▶ _YOUR INSTRUCTIONS_: Leave out every picture, and output exactly the lines from the line containing "Khloe Kardashian Celebrates" through the last line of the data.
--- INFORMATION SHOWN ---
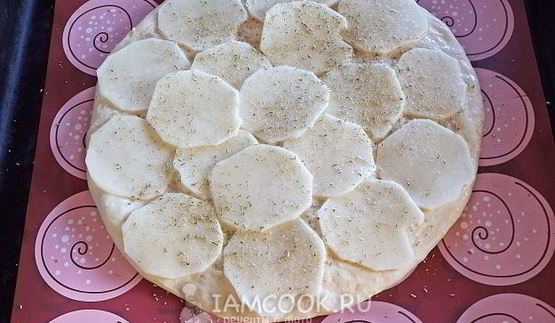 фокачча с картофелем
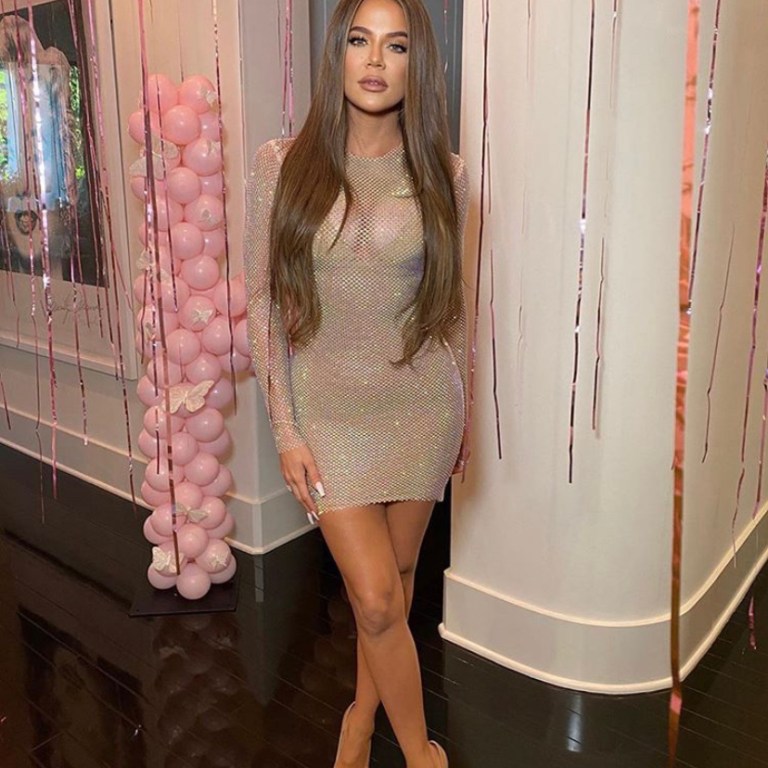 Khloe Kardashian Celebrates her Birthday in Gold Yousef Al Jasmi Mini Dress + Kris Jenner in Green Fringed Diane Von Furstenberg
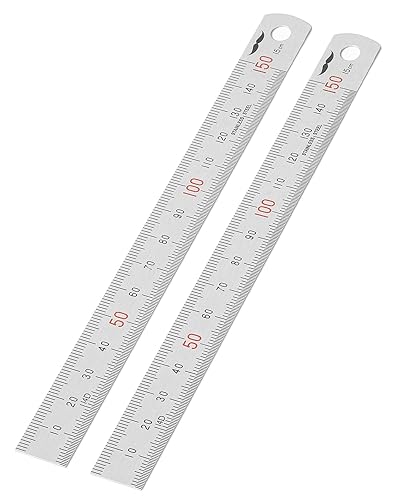 Miniatura 11 de Mr. Pen - Regla de maquinista, paquete de 3, métrica, precisión, acero inoxidable, 6 pulgadas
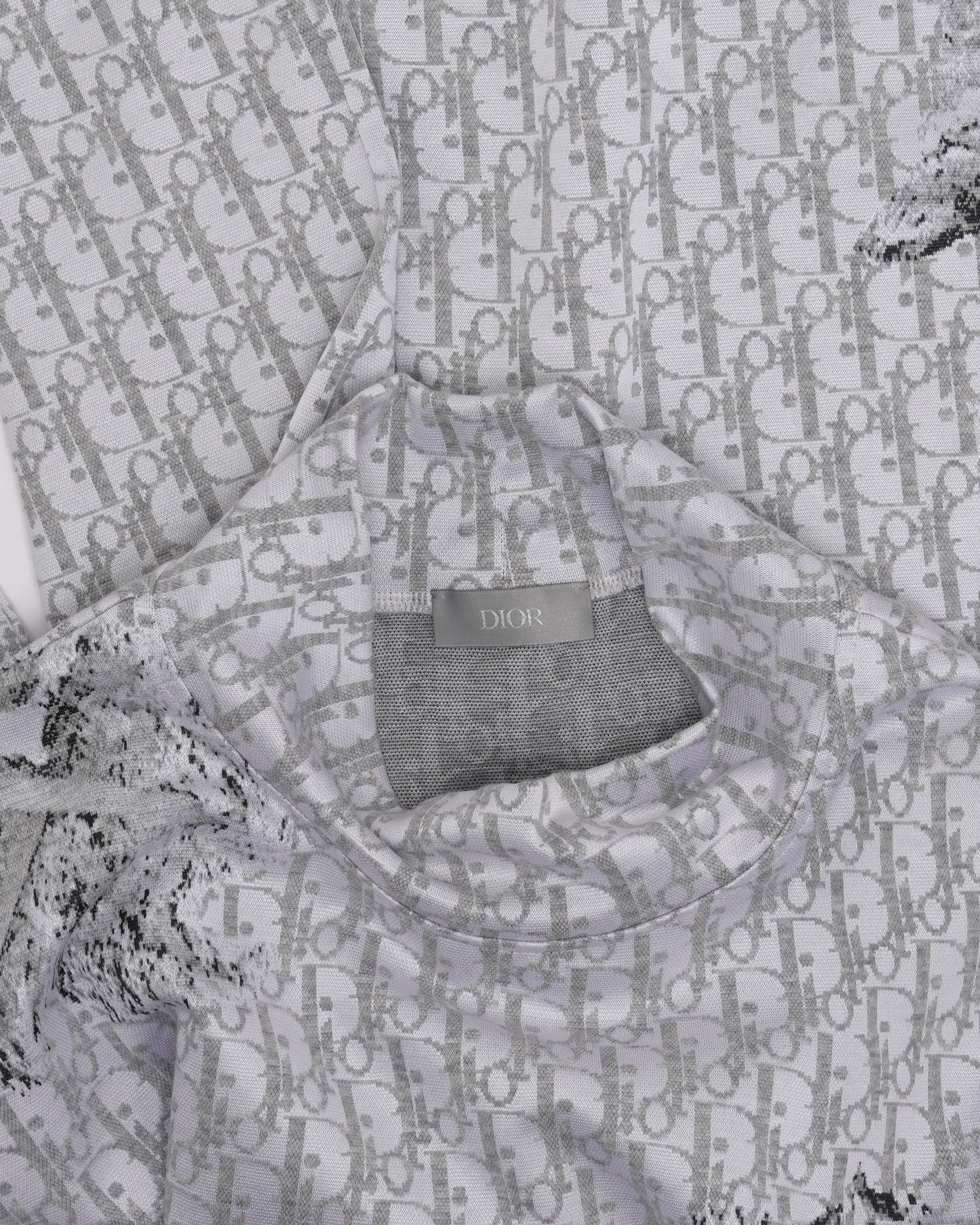 Daniel Arsham Oblique Monogram Long Sleeve T-Shirt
---
▶ _RESULT_:
 Khloe Kardashian Celebrates her Birthday in Gold Yousef Al Jasmi Mini Dress + Kris Jenner in Green Fringed Diane Von Furstenberg
 Miniatura 11 de Mr. Pen - Regla de maquinista, paquete de 3, métrica, precisión, acero inoxidable, 6 pulgadas
 Daniel Arsham Oblique Monogram Long Sleeve T-Shirt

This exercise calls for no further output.